Municipal Solid Waste
Municipal Solid Waste (MSW) is the most substantial volume and weight, waste stream in the U.S. Inside this waste stream is a 30 to 40 percent organic fraction, making it the leading amount of organic waste. A majority of communities in the U.S. only provide residential and commercial customers with a single MSW garbage bin that goes straight to a landfill.

MSW is another loose term that can have a wide range of variance. For instance, if the region has a successful recycling program, much less recoverable materials are in the MSW, which equates to a higher percentage of organic waste. Another MSW variance has to do with the demographics of the region. The amount and type of organic food scraps vary on income levels. There are also differences between material collected from a residential neighborhood, multi-family living areas, and commercial urban and commercial rural.

With increasing awareness of methane pollution from landfills and newer technologies for recovering commodities, there has been a significant movement to process MSW between pick up and the landfill. The city of San Jose, for instance, mandates this. These MSW processing facilities have the one common challenge, the 2″-fraction, which can be up to 40 percent of the inbound material. This faction is very organic-rich, but contamination levels are the highest compared to SSO and green waste. Due to this, finding financial positive outboard material is a very tricky business.

Organic Waste Processing Options
Regardless of the type of inbound organic waste material, the two most common processes are to burn the material for heat or have it decompose for compost or gas production. Another option, rare but getting more obtainable, is harvesting the nutritional value in organic food waste.

There are multiple methods of burning organic waste to obtain energy. The most basic example would be incineration, often called Co-Generation, as the material burns with additional inputs such as natural gas. As the organic fraction burns, the heat is captured and used to make steam. The steam can power many different equipment items, but most common is a steam turbine integrated with a generator for making electricity. Many power plants in the U.S. do this successfully, and most of them produce a minimum of 10 megawatts of electricity and some plants substantially more. However, capital costs and operational costs are extremely high.

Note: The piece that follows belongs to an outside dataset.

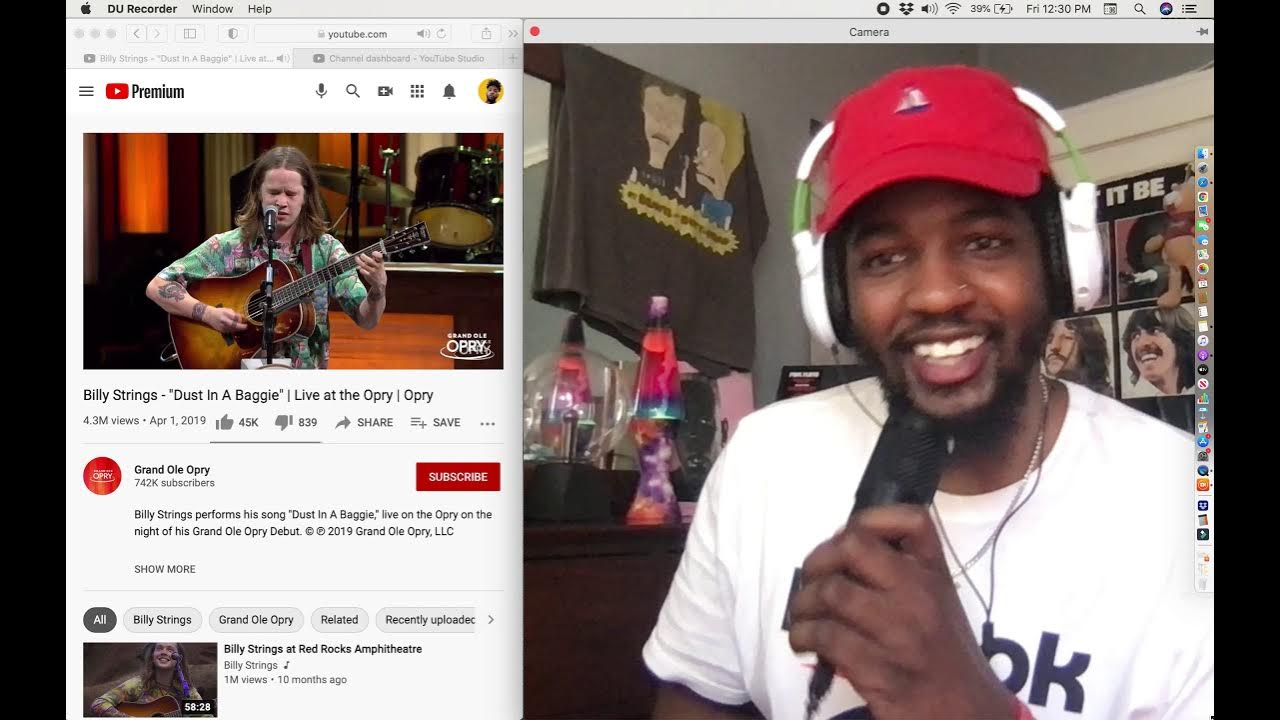 Billy Strings "Dust In A Baggie" (Reaction) YouTube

These projects take the longest to plan for and typically operate for 20 years or more.

Composting
The most common option for organic waste material is to put it through a composting process that changes the biological chemistry of the material. The essential business of composting is maintaining a process over time with a given amount of space. The amount of space needed is directly proportional to the amount of material sourced. Most often, organic waste material handled and stored into windrows. The organic material holds more than 45-degree angle of repose, so slightly taller than wide. Tall windrows help maximize land space use. The process is a FIFO, first in first out, with a timeline that includes a prescribed level of maintenance such as watering, turning and temperature monitoring. Different material streams and geographic locations due to outdoor environments require different types and levels of maintenance. The general planning of a windrow composting operation includes 80 to 120 days and most often targeted at 90 days.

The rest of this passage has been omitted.